As he approached the embankment the train yard sat atop, Leroy sipped on a bottle of water from his bag, cool from its time in the air conditioned fitting room. He savored each reinvigorating swallow as it blazed a cold trail down his throat.

It wasn’t the steepest hill, but Leroy had a hard time getting up due of the sand. He had to grab onto a bush at one point just to keep from falling backward. Near the top he knelt, kicking sand into one shoe by repositioning the other.

The faint glow escaping the train yard’s bounds aided Leroy as he perused the perimeter with an eye out for golf carts. The coast looked clear as the night sky to him, but he needed to be sure. He peered hard into the darkness and examined the scene. Shadows carved shapes out of the night sky, but none of them moved. He only had to travel the parking lot between himself and the fence successfully and he’d be in.

Sending more sand into his shoes, Leroy stood from his kneeling position and crept around the edge of the parking lot, now thankful for the dark clothes he had cursed in the harsh sunlight. His gaze darted in all directions. Still nothing, no one.

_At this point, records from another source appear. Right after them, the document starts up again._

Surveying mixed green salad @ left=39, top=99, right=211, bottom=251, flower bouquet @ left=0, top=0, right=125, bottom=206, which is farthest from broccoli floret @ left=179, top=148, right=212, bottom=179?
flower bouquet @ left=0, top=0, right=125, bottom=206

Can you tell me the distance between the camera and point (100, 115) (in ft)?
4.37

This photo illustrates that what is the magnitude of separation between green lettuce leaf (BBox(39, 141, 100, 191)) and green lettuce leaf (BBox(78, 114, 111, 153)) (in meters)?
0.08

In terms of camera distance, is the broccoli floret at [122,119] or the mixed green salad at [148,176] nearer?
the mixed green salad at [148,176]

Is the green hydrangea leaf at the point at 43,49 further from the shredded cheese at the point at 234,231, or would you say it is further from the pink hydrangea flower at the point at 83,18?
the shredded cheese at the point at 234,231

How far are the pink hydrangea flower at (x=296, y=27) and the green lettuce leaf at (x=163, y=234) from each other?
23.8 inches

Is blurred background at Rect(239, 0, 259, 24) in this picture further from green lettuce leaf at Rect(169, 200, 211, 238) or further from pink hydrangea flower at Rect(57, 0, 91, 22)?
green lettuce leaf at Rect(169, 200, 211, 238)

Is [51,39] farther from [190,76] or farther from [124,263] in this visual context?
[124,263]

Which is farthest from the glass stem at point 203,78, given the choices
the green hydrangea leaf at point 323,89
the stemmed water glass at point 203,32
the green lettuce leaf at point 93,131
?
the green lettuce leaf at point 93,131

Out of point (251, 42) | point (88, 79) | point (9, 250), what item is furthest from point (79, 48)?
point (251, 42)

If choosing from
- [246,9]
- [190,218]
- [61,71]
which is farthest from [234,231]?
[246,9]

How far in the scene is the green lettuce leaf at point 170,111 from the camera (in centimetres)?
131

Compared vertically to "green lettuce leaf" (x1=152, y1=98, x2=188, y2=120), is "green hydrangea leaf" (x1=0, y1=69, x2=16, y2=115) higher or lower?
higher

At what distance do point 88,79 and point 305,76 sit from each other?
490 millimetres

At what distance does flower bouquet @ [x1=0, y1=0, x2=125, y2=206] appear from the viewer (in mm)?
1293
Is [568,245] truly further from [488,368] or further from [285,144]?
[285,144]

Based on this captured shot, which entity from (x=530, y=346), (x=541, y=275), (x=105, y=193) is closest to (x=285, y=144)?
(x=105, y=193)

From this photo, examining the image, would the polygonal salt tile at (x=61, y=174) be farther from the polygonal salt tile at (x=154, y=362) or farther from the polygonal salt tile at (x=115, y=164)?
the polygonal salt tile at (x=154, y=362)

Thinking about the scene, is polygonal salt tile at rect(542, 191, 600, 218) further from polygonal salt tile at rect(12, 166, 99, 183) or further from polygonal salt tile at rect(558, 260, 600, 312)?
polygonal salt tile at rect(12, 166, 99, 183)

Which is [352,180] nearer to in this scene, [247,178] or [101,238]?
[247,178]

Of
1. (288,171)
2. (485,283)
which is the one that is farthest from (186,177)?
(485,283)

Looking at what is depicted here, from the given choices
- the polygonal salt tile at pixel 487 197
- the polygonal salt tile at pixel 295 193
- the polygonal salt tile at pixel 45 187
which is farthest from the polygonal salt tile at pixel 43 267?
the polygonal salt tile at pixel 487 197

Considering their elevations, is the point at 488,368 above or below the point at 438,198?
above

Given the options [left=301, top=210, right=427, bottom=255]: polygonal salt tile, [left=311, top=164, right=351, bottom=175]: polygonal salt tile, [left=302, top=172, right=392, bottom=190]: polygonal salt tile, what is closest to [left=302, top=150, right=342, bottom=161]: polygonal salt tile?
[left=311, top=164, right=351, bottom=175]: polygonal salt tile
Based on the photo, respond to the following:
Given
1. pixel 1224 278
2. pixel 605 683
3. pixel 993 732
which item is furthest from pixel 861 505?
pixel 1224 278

Crouching at the edge of a row of bushes, he looked to his left and nearly fell back in shock. A tower, right there on the edge of the yard. The trees around it had obscured it from sight until he’d gotten near. The thought of turning back and regrouping crossed his mind; he didn’t really have a plan B. He couldn’t have one. It would be an easy way out, and the temptation wasn’t worth it. But squatting and thinking wasn’t going to help anything. It was time to act or go home, and he didn’t have a home.

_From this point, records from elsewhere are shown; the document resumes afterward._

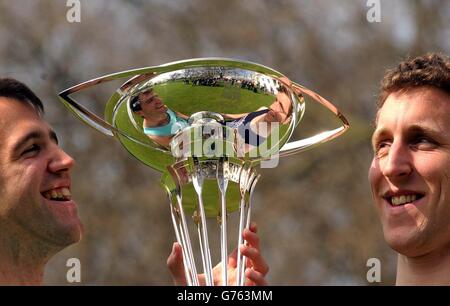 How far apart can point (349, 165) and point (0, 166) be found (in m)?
6.47

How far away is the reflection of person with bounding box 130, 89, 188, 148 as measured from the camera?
3727 mm

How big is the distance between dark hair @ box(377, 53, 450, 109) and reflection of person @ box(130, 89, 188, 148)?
2.26ft

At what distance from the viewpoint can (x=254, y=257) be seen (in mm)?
3658

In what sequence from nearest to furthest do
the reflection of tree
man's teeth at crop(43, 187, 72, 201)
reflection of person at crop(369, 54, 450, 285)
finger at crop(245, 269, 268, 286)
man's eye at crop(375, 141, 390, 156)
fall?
finger at crop(245, 269, 268, 286) < reflection of person at crop(369, 54, 450, 285) < man's eye at crop(375, 141, 390, 156) < man's teeth at crop(43, 187, 72, 201) < the reflection of tree

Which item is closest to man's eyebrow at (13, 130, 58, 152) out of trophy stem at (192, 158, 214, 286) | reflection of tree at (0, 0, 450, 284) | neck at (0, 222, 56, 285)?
neck at (0, 222, 56, 285)

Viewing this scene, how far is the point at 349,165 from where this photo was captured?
408 inches

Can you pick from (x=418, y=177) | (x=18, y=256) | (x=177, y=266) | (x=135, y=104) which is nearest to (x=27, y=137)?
(x=18, y=256)

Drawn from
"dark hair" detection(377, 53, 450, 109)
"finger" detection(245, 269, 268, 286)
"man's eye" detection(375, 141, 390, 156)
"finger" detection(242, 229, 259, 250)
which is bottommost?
"finger" detection(245, 269, 268, 286)

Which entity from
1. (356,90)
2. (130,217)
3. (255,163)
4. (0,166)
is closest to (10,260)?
(0,166)

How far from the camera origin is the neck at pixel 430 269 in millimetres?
3852

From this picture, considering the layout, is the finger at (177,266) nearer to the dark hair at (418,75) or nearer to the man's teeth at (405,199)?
the man's teeth at (405,199)

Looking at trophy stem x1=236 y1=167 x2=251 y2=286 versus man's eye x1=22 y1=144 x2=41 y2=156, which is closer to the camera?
trophy stem x1=236 y1=167 x2=251 y2=286

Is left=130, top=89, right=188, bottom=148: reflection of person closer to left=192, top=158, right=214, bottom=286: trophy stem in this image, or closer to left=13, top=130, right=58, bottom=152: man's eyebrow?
left=192, top=158, right=214, bottom=286: trophy stem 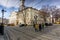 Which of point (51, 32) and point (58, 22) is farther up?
point (58, 22)

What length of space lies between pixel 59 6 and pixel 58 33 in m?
3.60

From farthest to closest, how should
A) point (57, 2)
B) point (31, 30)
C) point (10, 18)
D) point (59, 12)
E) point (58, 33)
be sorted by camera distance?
point (31, 30), point (10, 18), point (58, 33), point (57, 2), point (59, 12)

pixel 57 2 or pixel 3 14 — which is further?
pixel 3 14

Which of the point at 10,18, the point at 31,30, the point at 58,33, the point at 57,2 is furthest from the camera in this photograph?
the point at 31,30

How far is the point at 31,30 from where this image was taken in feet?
36.7

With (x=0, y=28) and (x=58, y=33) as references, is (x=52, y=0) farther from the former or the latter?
(x=0, y=28)

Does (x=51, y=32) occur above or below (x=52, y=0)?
below

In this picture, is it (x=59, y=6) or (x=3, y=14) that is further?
(x=3, y=14)

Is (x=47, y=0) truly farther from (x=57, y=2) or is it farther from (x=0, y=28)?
(x=0, y=28)

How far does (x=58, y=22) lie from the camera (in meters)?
4.77

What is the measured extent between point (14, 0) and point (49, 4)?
346 centimetres

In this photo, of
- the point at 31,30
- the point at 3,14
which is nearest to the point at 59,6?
the point at 31,30

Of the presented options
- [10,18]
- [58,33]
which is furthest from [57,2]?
[10,18]

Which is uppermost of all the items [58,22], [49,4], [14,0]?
[14,0] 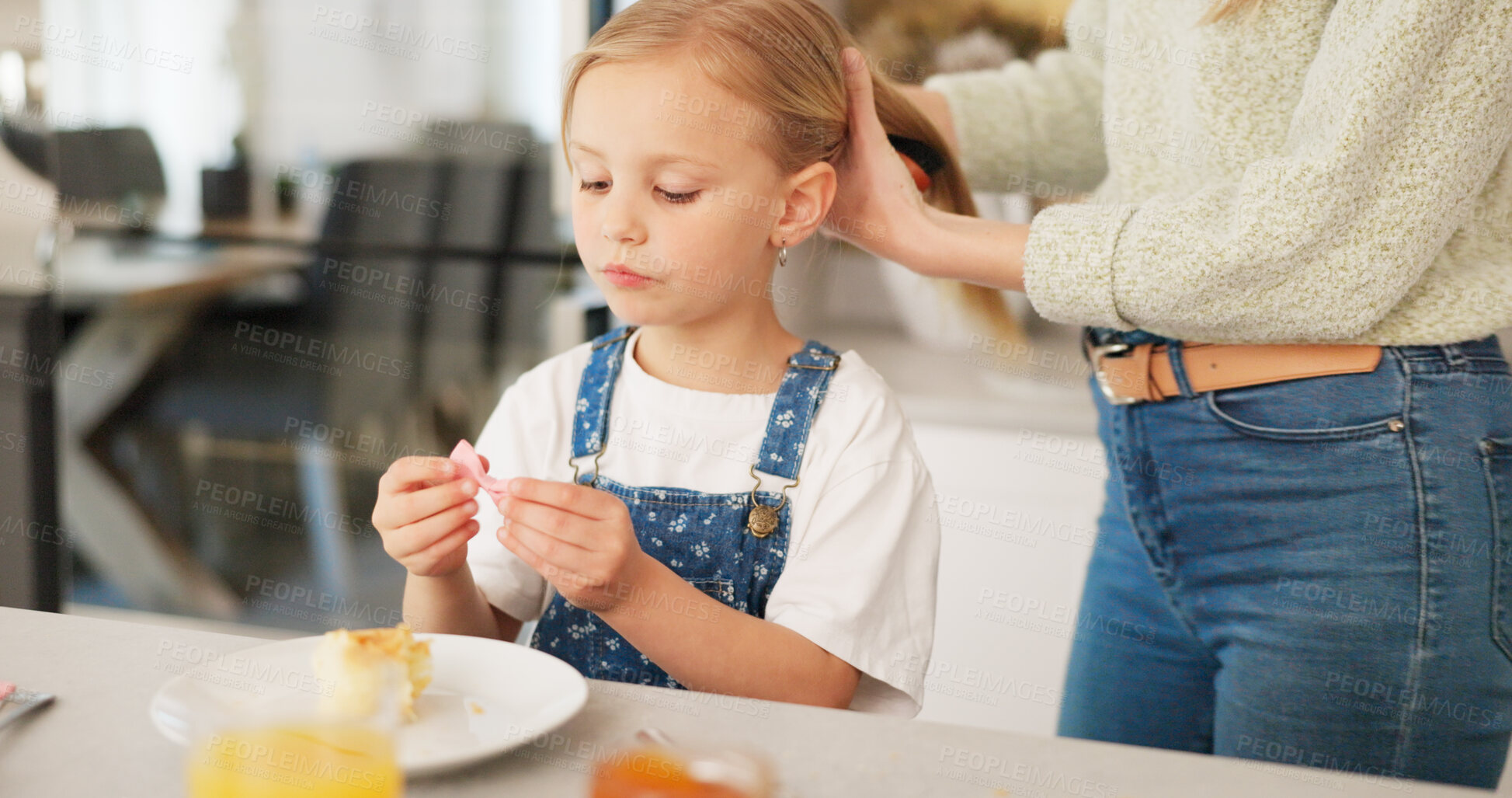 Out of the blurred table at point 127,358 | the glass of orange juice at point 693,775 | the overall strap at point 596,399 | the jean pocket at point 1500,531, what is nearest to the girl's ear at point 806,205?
the overall strap at point 596,399

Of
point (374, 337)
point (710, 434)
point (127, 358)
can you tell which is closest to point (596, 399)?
point (710, 434)

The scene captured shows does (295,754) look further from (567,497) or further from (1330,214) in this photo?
(1330,214)

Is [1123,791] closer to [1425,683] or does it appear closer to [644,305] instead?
[1425,683]

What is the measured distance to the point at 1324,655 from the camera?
3.34ft

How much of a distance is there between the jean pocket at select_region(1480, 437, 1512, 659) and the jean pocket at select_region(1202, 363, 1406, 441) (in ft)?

Leroy peeked at the tower. It was set back about fifteen feet, right on the edge of the forest. He needed to sneak past it and over the fence without putting himself in its sight, and the only way to do that was to go under it.

He determined it was best to approach the tower from the woods behind it, using the trees for cover. From the tree line, it was about five feet to the base of the tower, and another five or so to the fence, but hopefully he could shinny over and find somewhere to hide before anyone noticed.

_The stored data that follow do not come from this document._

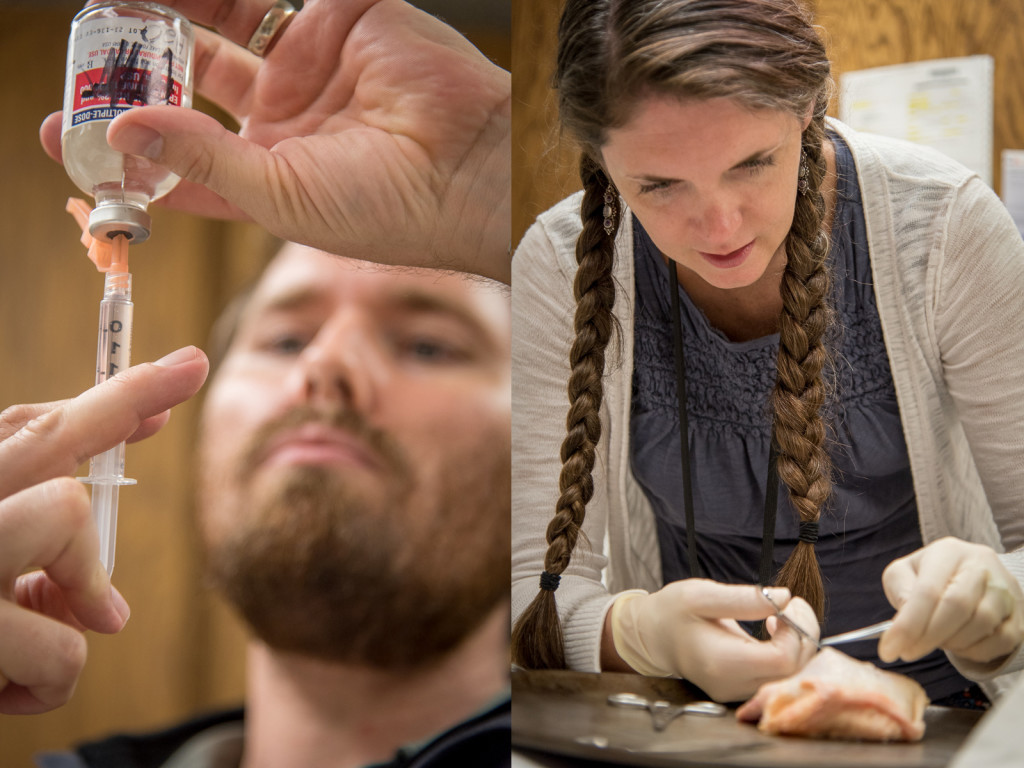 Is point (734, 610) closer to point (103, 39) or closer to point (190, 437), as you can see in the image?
point (190, 437)

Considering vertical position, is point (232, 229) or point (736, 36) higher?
point (736, 36)

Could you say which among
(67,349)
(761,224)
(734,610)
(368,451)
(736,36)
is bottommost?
(734,610)

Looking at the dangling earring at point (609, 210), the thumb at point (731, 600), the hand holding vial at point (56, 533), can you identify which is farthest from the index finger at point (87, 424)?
the thumb at point (731, 600)

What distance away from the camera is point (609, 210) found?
3.42ft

Like Batman in a cartoon he’d seen he dashed around the fringe of the broad bushes and into the forest, nothing more than an inky blur.

He’d thought it was dark on that lonesome desert road earlier, but any light from the evening sky was blotted out entirely in the thicket of trees surrounding him. He recalled the trick he’d used at home on the rare nights his mother wasn’t blackout drunk and he craved a snack from the fridge, on the off chance there was one. He shut his eyes, then counted to ten.